A Internet é a maior invenção dos últimos séculos ? É provável que seja. Quem imaginaria a vida sem um terminal de computador ? Quase ninguém. Hoje, qualquer um pode criar, em um minuto, uma conta no Twitter ou no Facebook ou no Orkut ou num hospedeiro de blogs para se manifestar sobre o que bem entender. Em questão de segundos, qualquer texto, qualquer imagem, qualquer frase,qualquer pensamento podem ser replicados incontáveis vezes. Eis a oitava maravilha do mundo!
Em meio a tantas maravilhas, uma dúvida vibra no ar : que proteção existe contra o internauta que usa o Twitter, por exemplo, para atingir a honra alheia ? Agora, posso dizer: a Justiça. Há uma dificuldade: nem sempre é fácil localizar o autor da ofensa. A autoridade judiciária me disse – com razão – que a Justiça talvez não tenha como localizar e intimar um agressor que se esconde sob pseudônimo na imensa floresta da Internet. Se o autor é “encontrável”, pode acabar “nas barras dos tribunais”, como se dizia.
Em resumo: abri um processo por calúnia, injúria e difamação contra o autor de um comentário ofensivo publicado no Twitter. O que dizia o comentário estúpido ? Que eu simplesmente tinha “roubado” de um trabalho de conclusão de curso de alunos de Jornalismo as perguntas que fiz a Geraldo Vandré, o compositor que resolvera quebrar o silêncio depois de passar trinta e sete anos sem dar entrevista para TV. É óbvio que, diante da chance raríssima, fui – voando – ao encontro do enigmático Vandré. Que jornalista não teria a curiosidade de ouvir um grande nome que sumira do mapa por tanto tempo ? Mas a última coisa que eu faria, na vida, seria “roubar” perguntas de quem quer que seja.
A entrevista foi ao ar na Globonews, em setembro de 2010 ( aqui, o link para o vídeo completo: http://goo.gl/qp4v7 ). Diante da ofensa publicada no Twitter, parti para a briga. O juiz remeteu o processo ao Ministério Público. O passo seguinte: uma audiência preliminar no Quarto Juizado Especial Criminal, no Leblon, às 14:45 da terça-feira, vinte e seis de julho do ano da graça de 2011.

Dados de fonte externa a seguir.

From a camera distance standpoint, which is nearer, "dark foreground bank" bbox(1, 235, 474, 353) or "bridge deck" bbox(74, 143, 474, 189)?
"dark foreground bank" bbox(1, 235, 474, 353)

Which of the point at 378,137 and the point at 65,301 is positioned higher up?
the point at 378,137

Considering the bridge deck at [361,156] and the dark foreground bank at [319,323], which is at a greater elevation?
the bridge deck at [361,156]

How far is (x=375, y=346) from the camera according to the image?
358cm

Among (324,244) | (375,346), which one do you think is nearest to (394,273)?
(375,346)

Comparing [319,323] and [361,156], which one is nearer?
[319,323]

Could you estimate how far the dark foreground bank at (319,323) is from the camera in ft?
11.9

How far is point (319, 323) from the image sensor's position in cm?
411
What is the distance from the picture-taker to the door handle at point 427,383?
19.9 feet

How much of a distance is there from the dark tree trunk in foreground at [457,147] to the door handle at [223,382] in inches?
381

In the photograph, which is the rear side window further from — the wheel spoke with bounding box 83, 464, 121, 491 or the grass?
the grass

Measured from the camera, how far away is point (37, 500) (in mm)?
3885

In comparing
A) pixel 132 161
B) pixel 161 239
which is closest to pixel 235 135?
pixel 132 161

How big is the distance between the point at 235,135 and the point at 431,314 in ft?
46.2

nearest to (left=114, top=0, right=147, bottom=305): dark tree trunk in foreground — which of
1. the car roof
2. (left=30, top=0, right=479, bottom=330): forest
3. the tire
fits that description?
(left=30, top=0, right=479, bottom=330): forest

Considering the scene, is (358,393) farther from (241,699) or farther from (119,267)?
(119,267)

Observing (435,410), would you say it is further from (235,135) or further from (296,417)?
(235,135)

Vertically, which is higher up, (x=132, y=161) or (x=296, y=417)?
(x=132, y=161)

Não tinha sido difícil achar o autor da ofensa publicada no Twitter: é um jornalista que trabalha numa emissora de rádio importante de São Paulo. Imagino que tenha poucos anos de formado. Salvo algum desvio, deverá ter uma carreira pela frente. Vou, aqui, ter um gesto de “magnanimidade” que o autor da agressão não teve para comigo: não vou citar nomes, para não prejudicá-lo nem deixar rastros na Internet. Idem com a mulher que repetiu a ofensa e chamou a entrevista de “farsa” num comentário enviado a um site ( neste caso, a dificuldade citada pela autoridade judiciária se confirmou: não foi possível localizá-la). Também não vou citar, aqui, o nome desta pobre coitada. Tenho perfeita noção de como funciona este circo: qualquer referência que “caia na rede” virá sempre à tona a cada vez que alguém fizer uma busca no Google…
A citação dos nomes envolvidos no processo 0336624-21.2010.8.19.0001, em última instância, nem é indispensável. O que vale, neste caso, é o exemplo, a situação, a tentativa ( bem sucedida !) de abrir um precedente.
Chegou a hora da audiência. O sistema de alto-falantes do Quarto Juizado Especial Criminal chama os envolvidos no caso. Sou citado como vítima. Dentro da sala, o clima era de constrangimento absoluto. O autor da agressão no Twitter tinha vindo de São Paulo, acompanhado de um advogado : estava sentado do outro lado da mesa, diante de mim. Ao meu lado, estava o advogado Marcelo Alfradique.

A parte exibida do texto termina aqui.